(Stored data)
◇ ◇ ◇ ◇ ◇
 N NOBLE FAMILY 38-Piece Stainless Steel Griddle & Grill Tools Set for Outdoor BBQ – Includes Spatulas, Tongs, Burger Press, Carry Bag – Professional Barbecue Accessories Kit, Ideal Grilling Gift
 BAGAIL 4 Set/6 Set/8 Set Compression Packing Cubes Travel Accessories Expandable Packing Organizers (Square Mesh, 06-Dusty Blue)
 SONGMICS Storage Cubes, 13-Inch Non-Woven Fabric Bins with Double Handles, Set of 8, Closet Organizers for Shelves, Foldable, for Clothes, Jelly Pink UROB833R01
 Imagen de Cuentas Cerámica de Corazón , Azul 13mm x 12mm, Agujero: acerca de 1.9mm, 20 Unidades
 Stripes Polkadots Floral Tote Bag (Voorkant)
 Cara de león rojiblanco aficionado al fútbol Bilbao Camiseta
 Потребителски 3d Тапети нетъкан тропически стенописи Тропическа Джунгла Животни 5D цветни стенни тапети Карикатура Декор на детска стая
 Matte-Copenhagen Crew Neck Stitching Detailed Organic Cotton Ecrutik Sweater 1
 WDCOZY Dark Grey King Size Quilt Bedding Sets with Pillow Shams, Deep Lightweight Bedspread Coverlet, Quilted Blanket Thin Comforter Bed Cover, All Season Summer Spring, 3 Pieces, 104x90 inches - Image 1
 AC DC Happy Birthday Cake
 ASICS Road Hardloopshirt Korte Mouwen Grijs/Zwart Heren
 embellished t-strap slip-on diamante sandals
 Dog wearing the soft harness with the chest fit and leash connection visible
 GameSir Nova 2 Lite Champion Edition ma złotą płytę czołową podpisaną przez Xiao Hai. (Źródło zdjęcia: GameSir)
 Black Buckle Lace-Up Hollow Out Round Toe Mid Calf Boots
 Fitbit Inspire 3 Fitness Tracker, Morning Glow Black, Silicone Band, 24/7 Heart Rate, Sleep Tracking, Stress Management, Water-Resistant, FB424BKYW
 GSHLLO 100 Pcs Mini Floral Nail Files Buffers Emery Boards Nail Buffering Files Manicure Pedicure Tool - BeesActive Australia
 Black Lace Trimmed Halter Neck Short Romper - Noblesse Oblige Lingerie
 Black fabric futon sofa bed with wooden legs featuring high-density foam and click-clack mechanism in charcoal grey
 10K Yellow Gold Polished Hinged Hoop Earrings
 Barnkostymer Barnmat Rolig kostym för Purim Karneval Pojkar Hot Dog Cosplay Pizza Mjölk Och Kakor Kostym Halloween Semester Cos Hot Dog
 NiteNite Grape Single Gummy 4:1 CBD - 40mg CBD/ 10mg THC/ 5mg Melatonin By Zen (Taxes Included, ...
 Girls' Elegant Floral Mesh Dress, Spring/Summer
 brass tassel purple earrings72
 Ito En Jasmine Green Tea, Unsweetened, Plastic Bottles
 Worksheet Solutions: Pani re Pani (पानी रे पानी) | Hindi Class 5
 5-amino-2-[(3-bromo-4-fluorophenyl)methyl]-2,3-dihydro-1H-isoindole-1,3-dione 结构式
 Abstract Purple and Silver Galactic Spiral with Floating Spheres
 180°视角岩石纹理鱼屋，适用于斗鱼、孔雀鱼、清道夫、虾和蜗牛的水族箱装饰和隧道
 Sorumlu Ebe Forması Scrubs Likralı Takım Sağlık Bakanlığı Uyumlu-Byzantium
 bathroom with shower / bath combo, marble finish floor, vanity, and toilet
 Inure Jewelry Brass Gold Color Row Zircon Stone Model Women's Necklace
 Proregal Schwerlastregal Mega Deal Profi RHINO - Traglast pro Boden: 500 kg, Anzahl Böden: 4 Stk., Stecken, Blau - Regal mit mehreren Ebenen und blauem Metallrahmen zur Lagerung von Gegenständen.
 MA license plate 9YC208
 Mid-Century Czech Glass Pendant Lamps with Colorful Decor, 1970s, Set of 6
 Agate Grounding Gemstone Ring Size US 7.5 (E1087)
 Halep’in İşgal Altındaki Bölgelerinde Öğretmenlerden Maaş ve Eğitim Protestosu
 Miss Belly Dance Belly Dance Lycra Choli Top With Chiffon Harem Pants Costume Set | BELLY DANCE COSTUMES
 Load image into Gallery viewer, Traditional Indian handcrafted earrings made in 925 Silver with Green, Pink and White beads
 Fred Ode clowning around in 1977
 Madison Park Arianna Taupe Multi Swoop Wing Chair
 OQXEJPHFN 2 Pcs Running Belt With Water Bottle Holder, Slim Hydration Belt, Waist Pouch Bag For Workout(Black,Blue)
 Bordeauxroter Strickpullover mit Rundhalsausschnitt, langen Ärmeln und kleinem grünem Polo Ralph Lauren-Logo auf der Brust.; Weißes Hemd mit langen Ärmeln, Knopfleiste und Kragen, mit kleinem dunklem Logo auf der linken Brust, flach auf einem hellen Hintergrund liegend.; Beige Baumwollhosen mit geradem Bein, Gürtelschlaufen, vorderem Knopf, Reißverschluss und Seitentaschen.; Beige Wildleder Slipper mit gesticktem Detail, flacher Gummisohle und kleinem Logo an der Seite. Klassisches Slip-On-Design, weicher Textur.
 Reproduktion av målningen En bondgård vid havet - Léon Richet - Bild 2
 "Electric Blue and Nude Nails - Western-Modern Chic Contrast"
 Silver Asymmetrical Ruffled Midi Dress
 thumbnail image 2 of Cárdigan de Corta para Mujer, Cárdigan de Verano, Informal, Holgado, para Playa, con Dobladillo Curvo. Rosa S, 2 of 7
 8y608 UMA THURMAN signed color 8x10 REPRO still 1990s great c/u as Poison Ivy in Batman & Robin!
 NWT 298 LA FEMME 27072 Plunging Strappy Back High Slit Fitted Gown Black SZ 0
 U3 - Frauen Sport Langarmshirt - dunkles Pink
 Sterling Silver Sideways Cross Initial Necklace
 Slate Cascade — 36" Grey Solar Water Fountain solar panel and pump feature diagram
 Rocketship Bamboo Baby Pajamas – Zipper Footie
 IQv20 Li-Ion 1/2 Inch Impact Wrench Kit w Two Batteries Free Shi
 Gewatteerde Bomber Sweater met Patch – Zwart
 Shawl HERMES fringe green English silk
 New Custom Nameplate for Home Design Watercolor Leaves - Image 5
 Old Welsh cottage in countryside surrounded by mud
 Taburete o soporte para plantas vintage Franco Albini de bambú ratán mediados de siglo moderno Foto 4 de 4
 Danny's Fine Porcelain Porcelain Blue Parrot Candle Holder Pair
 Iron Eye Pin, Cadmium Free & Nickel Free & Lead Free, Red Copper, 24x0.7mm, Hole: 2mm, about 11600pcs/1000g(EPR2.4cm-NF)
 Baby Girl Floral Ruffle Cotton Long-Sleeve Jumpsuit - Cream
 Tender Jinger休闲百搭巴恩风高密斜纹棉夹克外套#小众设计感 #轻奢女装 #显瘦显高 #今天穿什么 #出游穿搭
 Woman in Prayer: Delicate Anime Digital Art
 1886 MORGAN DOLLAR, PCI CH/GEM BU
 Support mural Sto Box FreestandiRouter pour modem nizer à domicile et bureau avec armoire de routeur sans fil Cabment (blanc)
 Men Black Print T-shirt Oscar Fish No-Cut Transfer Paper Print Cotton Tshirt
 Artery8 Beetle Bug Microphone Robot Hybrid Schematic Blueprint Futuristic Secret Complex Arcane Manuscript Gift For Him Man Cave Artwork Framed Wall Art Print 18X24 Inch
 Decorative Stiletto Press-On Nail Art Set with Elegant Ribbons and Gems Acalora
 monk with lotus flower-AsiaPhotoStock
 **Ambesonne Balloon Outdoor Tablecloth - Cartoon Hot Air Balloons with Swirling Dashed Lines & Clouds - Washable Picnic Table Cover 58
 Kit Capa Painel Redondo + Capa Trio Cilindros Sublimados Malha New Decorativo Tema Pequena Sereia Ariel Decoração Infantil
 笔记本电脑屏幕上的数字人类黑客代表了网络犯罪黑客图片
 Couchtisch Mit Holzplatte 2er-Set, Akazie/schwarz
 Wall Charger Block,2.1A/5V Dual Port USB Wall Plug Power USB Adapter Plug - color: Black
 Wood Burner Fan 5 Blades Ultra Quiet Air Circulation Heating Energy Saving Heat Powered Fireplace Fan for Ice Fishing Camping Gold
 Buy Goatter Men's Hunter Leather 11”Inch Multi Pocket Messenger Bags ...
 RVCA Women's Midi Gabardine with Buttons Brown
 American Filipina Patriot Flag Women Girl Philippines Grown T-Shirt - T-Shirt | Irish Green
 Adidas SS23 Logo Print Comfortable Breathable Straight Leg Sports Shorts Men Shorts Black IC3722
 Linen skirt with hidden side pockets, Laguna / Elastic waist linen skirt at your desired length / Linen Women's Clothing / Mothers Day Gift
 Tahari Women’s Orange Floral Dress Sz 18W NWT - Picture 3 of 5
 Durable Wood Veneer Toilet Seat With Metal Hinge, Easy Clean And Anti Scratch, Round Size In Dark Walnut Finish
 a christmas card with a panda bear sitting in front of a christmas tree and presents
◇ ◇ ◇ ◇ ◇
What is expected:
Your answer must be the lines above, unchanged, from the first one through the line that holds "BAGAIL 4 Set/6", inclusive, and no others.

Written answer:
 N NOBLE FAMILY 38-Piece Stainless Steel Griddle & Grill Tools Set for Outdoor BBQ – Includes Spatulas, Tongs, Burger Press, Carry Bag – Professional Barbecue Accessories Kit, Ideal Grilling Gift
 BAGAIL 4 Set/6 Set/8 Set Compression Packing Cubes Travel Accessories Expandable Packing Organizers (Square Mesh, 06-Dusty Blue)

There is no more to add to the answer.